*Brief*
Check each line of the entries. Copy the ones that contain the string "Outdoor".

*Information given*
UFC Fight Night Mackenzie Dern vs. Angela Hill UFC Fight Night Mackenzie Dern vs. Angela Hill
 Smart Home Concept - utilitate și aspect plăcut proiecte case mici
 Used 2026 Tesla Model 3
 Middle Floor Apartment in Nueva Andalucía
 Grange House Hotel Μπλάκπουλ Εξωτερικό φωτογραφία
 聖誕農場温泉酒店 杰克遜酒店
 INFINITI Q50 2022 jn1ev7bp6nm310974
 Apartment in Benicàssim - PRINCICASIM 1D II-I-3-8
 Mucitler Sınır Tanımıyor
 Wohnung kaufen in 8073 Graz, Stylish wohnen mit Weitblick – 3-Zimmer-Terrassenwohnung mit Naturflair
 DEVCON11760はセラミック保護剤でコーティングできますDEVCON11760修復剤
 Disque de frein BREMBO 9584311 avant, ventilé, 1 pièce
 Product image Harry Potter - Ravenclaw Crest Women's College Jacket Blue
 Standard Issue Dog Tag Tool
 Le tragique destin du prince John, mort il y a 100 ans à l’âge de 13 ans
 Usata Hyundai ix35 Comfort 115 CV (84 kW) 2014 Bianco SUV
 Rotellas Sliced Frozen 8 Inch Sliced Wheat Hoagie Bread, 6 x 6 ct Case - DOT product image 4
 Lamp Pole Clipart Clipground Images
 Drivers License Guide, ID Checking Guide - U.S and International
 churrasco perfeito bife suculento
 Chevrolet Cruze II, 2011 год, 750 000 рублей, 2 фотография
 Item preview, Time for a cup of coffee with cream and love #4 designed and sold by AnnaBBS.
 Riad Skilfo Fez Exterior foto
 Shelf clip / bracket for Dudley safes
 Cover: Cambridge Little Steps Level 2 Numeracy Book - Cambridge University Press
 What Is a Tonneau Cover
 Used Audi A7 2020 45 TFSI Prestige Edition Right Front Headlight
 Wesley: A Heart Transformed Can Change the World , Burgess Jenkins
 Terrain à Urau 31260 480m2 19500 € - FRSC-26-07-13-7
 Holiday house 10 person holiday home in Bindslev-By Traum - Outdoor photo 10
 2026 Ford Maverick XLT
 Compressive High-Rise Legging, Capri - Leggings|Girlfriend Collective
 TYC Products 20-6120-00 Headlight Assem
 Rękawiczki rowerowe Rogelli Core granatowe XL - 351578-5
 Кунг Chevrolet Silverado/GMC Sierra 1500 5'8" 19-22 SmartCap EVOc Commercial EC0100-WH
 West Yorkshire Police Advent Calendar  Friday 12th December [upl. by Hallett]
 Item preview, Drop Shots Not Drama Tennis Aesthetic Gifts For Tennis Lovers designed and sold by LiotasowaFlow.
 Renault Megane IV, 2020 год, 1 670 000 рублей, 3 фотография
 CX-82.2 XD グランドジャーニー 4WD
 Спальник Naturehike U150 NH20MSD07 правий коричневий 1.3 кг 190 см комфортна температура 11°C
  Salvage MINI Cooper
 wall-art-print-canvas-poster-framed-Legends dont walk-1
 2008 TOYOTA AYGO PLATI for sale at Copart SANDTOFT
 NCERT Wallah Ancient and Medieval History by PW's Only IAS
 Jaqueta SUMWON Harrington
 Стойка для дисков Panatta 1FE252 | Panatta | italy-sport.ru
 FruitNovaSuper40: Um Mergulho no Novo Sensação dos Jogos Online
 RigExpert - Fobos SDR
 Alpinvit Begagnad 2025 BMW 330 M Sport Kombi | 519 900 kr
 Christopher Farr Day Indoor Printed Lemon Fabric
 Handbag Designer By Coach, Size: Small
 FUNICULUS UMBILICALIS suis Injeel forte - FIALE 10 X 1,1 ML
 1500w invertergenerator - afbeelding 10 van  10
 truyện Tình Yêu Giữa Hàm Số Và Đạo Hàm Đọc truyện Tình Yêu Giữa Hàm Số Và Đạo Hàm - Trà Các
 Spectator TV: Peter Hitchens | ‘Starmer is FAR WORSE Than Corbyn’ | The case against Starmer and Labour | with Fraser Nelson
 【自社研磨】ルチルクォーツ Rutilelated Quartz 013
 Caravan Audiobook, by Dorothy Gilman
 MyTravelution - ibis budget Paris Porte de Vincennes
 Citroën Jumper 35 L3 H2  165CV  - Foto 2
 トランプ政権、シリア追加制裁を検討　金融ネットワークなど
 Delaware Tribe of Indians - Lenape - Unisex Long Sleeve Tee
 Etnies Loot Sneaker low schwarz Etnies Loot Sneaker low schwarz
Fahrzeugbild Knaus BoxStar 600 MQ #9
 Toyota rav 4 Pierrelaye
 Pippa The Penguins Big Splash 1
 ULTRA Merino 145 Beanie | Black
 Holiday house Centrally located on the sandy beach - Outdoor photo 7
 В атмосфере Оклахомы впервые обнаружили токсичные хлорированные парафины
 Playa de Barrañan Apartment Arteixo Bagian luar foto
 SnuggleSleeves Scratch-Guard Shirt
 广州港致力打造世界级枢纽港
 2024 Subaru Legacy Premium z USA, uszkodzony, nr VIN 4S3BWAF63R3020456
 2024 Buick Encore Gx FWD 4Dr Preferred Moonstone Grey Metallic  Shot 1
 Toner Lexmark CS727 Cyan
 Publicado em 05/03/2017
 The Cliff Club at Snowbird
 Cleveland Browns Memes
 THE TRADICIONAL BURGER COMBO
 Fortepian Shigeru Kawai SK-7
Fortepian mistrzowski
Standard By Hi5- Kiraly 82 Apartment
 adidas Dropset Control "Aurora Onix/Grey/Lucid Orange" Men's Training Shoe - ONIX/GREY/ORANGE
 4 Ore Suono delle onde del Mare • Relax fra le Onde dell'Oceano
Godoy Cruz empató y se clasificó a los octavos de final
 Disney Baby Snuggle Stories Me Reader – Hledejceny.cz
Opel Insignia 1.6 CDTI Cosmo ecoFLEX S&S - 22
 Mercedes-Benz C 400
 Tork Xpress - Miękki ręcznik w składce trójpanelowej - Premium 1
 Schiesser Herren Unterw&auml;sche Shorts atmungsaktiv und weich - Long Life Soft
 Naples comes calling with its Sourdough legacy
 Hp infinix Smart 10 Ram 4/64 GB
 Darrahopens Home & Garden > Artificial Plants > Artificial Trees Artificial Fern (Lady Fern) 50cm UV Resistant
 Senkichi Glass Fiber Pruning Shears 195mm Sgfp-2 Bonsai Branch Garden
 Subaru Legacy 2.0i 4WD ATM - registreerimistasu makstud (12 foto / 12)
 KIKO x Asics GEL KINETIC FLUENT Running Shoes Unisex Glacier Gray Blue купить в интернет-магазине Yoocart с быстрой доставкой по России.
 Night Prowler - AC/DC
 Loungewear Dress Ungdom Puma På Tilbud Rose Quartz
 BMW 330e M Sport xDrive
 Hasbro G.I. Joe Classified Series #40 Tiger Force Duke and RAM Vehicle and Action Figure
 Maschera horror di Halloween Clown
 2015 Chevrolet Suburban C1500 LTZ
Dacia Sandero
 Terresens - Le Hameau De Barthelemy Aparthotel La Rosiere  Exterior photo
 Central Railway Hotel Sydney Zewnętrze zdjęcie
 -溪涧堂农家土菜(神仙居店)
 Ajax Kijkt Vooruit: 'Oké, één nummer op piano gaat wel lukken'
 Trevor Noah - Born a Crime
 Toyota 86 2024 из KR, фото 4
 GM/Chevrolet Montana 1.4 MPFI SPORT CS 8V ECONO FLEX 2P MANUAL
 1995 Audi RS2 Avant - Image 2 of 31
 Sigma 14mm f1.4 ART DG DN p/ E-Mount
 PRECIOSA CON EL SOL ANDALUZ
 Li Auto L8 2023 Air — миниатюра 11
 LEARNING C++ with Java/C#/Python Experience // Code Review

*Reply*
 Holiday house 10 person holiday home in Bindslev-By Traum - Outdoor photo 10
 Holiday house Centrally located on the sandy beach - Outdoor photo 7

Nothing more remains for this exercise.